Sulla piana era sceso silenzio, dopo il gran clangore della battaglia. Ora tutto taceva, tranne il vento che scuoteva i pochi vessilli rimasti infissi nel terreno, con un suono lugubre.

Il sole stava calando all’orizzonte, tingendo di rosso il terreno ricoperto di morti.

La battaglia era finita senza vincitori né vinti ma solo in un massacro senza senso. La migliore cavalleria del regno si era spaccata su due fronti, per poi combattere fino alla morte. Gawain, Agravain, Gaheris, Estor… Tutti morti.

Resistevano, sulla piana, solo i due cagione della guerra. Re Artù e suo figlio, ser Mordred.

I due si fronteggiavano in silenzio. Le armi in mano, come estensione del loro braccio.

Ser Mordred teneva ancora la sua spada levata in alto, contro il padre che mai l’aveva riconosciuto.

Artù, con quel che ne restava della sua lancia.

Fu un attimo; il soffio di un tempo immortale.
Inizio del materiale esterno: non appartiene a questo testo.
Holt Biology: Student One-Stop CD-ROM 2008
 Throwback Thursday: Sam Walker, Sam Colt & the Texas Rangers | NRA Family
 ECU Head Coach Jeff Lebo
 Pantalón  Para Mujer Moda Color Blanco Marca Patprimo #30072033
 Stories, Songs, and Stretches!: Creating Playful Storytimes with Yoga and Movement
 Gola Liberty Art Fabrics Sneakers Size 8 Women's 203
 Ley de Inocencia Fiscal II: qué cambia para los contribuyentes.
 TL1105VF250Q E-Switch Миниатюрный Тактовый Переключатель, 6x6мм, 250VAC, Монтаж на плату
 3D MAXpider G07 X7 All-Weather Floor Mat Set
La spada fendette l’aria e si abbatté sul capo del re, mentre la lancia di Artù penetrò le viscere del figlio.

Lo stesso sangue macchiò le mani del padre e del figlio.

Stringendo i denti, Artù affondò l’arma nel ventre di Mordred tanto da trapassarlo da parte a parte, in una folle parodia di un abbraccio.

Mordred avvicinò la guancia a quella del padre e disse: «Finalmente un abbraccio, padre…» sibilò, in un sorriso di dolore.

 «Era il tempo, figlio mio» rispose Artù, cingendogli le spalle, per sostenerlo.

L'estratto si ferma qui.